Death threats, viral rap videos and a stream of frog-themed insults. That’s the state of my social media profiles after hosting a Twitter Space on May 8 about PEPE, the new token based on the “Pepe” meme.
Poignantly hosted during a monumental PEPE price crash, Cointelegraph set out in the May 8 Twitter Space to understand the token. Why had it surged so quickly? What separates PEPE from the thousands of other memecoins and dozens of other PEPE tokens? And what’s the duration of these token projects?

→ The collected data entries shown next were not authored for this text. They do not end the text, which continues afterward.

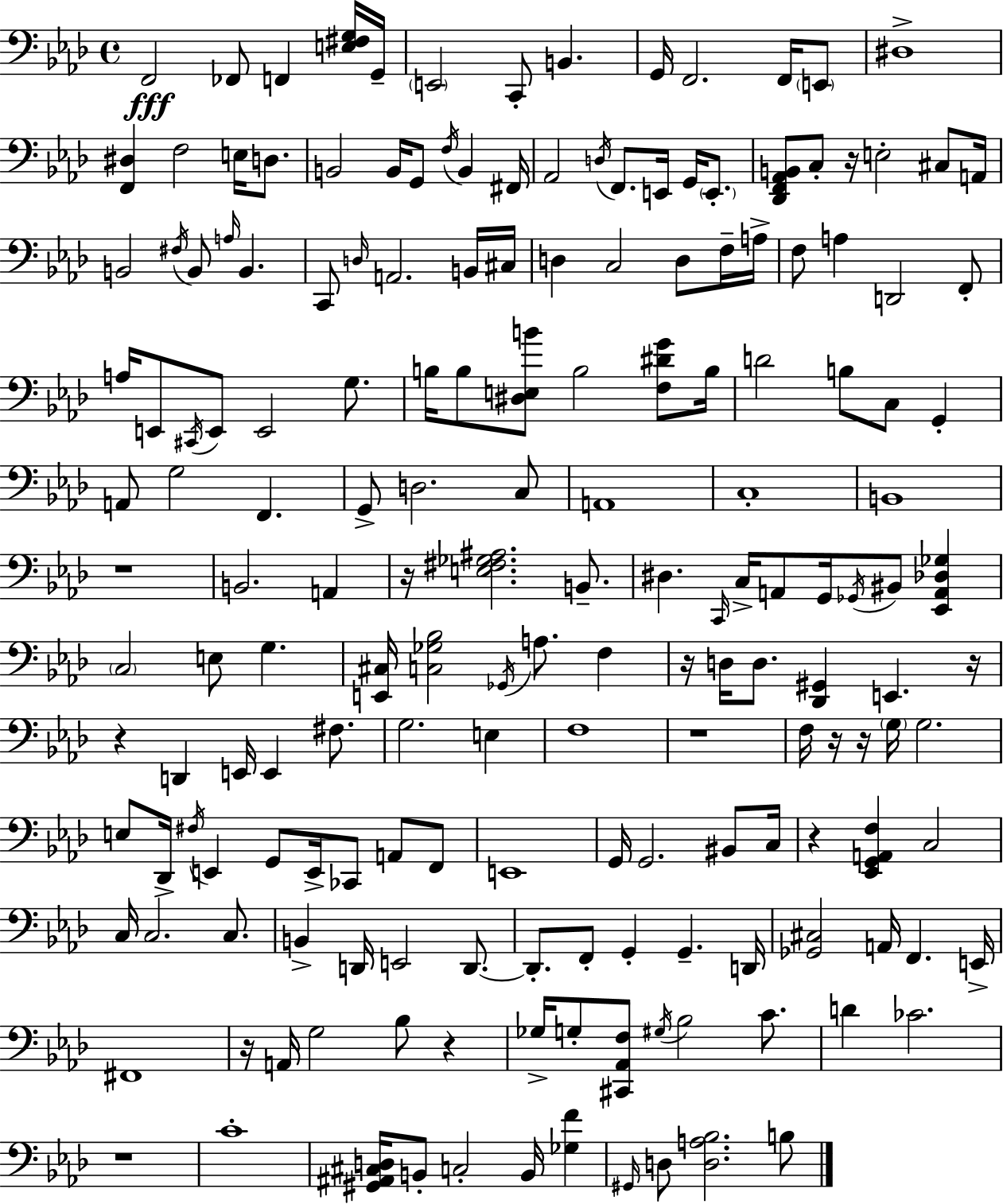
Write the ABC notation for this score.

X:1
T:Untitled
M:4/4
L:1/4
K:Ab
F,,2 _F,,/2 F,, [E,^F,G,]/4 G,,/4 E,,2 C,,/2 B,, G,,/4 F,,2 F,,/4 E,,/2 ^D,4 [F,,^D,] F,2 E,/4 D,/2 B,,2 B,,/4 G,,/2 F,/4 B,, ^F,,/4 _A,,2 D,/4 F,,/2 E,,/4 G,,/4 E,,/2 [_D,,F,,_A,,B,,]/2 C,/2 z/4 E,2 ^C,/2 A,,/4 B,,2 ^F,/4 B,,/2 A,/4 B,, C,,/2 D,/4 A,,2 B,,/4 ^C,/4 D, C,2 D,/2 F,/4 A,/4 F,/2 A, D,,2 F,,/2 A,/4 E,,/2 ^C,,/4 E,,/2 E,,2 G,/2 B,/4 B,/2 [^D,E,B]/2 B,2 [F,^DG]/2 B,/4 D2 B,/2 C,/2 G,, A,,/2 G,2 F,, G,,/2 D,2 C,/2 A,,4 C,4 B,,4 z4 B,,2 A,, z/4 [E,^F,_G,^A,]2 B,,/2 ^D, C,,/4 C,/4 A,,/2 G,,/4 _G,,/4 ^B,,/2 [_E,,A,,_D,_G,] C,2 E,/2 G, [E,,^C,]/4 [C,_G,_B,]2 _G,,/4 A,/2 F, z/4 D,/4 D,/2 [_D,,^G,,] E,, z/4 z D,, E,,/4 E,, ^F,/2 G,2 E, F,4 z4 F,/4 z/4 z/4 G,/4 G,2 E,/2 _D,,/4 ^F,/4 E,, G,,/2 E,,/4 _C,,/2 A,,/2 F,,/2 E,,4 G,,/4 G,,2 ^B,,/2 C,/4 z [_E,,G,,A,,F,] C,2 C,/4 C,2 C,/2 B,, D,,/4 E,,2 D,,/2 D,,/2 F,,/2 G,, G,, D,,/4 [_G,,^C,]2 A,,/4 F,, E,,/4 ^F,,4 z/4 A,,/4 G,2 _B,/2 z _G,/4 G,/2 [^C,,_A,,F,]/2 ^G,/4 _B,2 C/2 D _C2 z4 C4 [^G,,^A,,^C,D,]/4 B,,/2 C,2 B,,/4 [_G,F] ^G,,/4 D,/2 [D,A,_B,]2 B,/2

The backlash was "ribbiting."
"It's all goin' to zero" $PEPE ADVICE SOUND UP pic.twitter.com/K8Uw1KvnSs
Though we endeavored to talk about PEPE’s popularity, I ended up enduring rather grim — if predictable — personal outcomes.
I’ve been memed into myriad amphibian images, someone painted a Microsoft Paint Pepe portrait of me, I feature in a rap song, I’ve received over 100 written insults in my Twitter DMs, and I’ve been photoshopped into weird and wonderful frog poses.
On top of that, one of the speakers on the Twitter Space, Irina Heaver — a lawyer based in Dubai — has received personalized death threats. (She’s OK, by the way.)
So, what on earth is going on? How is a token that’s barely one month old generating such high levels of harassment, toxic behavior and diehard commitment?
The PEPE token hopped over a $1 billion market cap this week. The milestone meant that a meme token that is “completely useless” — according to the PEPE website — now exceeds the gross domestic product of some countries.
Kudos to PEPE. It has shown us that even the most unassuming of memes (with a somewhat checkered past) can transform into billion-dollar success stories. It’s an amphibious achievement that has presumably left the somewhat “traditional”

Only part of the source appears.